[Records from a data collection]
——

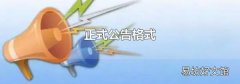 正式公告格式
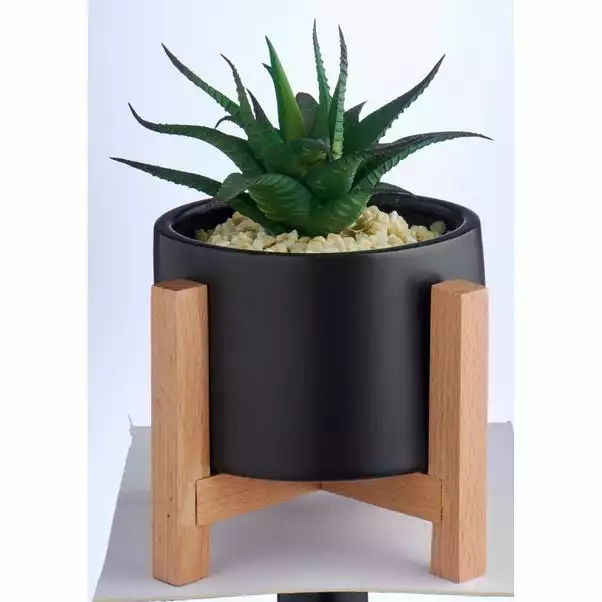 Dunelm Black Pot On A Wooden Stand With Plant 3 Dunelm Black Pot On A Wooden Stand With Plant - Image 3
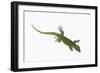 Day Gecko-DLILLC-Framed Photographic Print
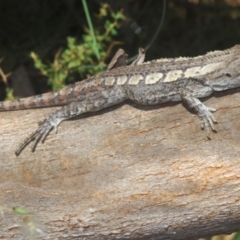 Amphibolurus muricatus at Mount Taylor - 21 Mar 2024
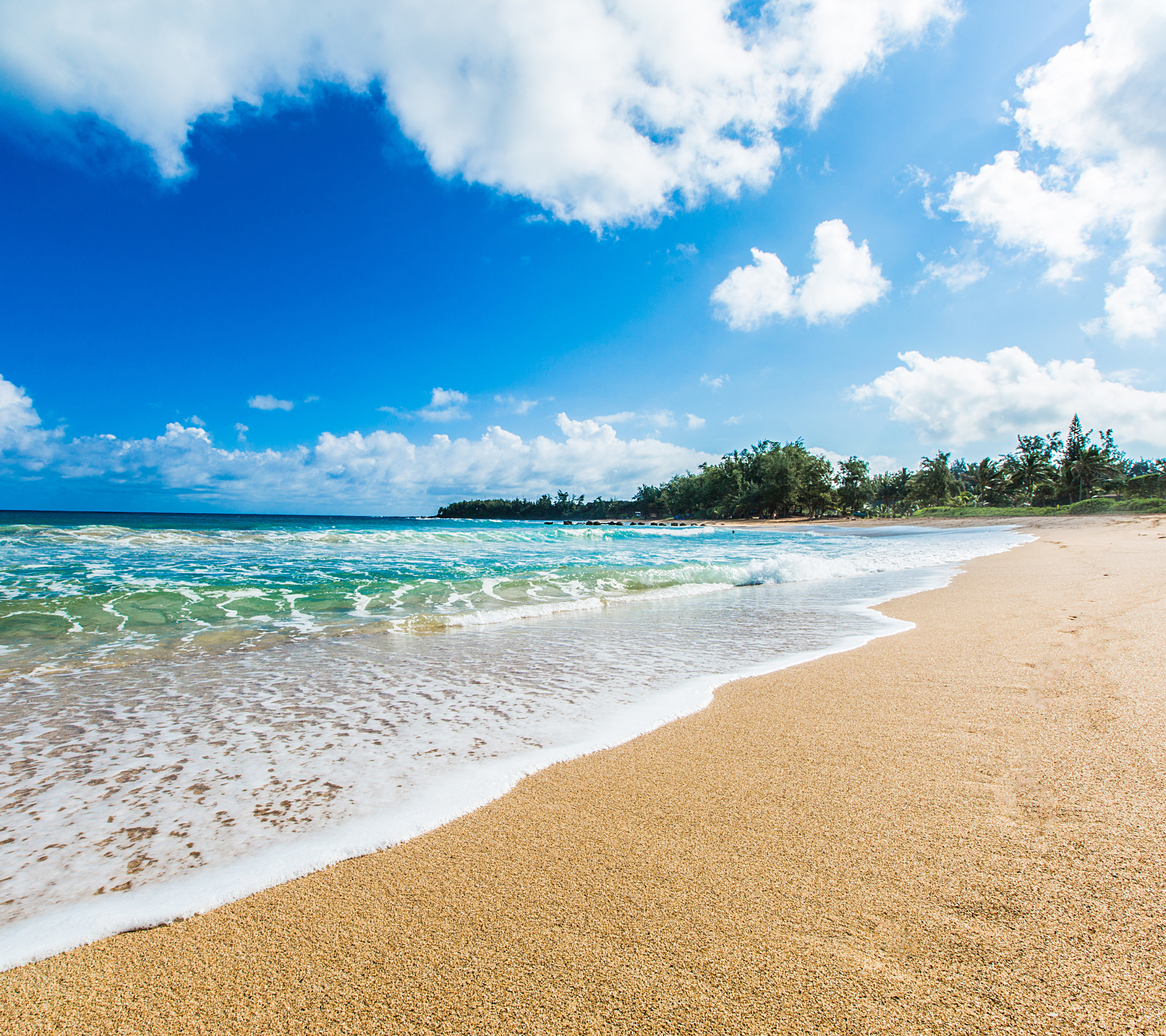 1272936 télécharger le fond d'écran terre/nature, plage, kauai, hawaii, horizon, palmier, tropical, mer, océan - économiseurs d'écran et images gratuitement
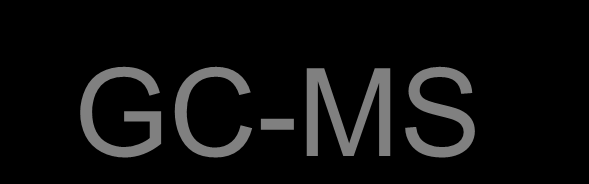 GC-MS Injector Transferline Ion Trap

——

§ Task to complete: Restate the data word for word and exclude every picture.

§ Exercise answer:
 正式公告格式
 Dunelm Black Pot On A Wooden Stand With Plant 3 Dunelm Black Pot On A Wooden Stand With Plant - Image 3
 Day Gecko-DLILLC-Framed Photographic Print
 Amphibolurus muricatus at Mount Taylor - 21 Mar 2024
 1272936 télécharger le fond d'écran terre/nature, plage, kauai, hawaii, horizon, palmier, tropical, mer, océan - économiseurs d'écran et images gratuitement
 GC-MS Injector Transferline Ion Trap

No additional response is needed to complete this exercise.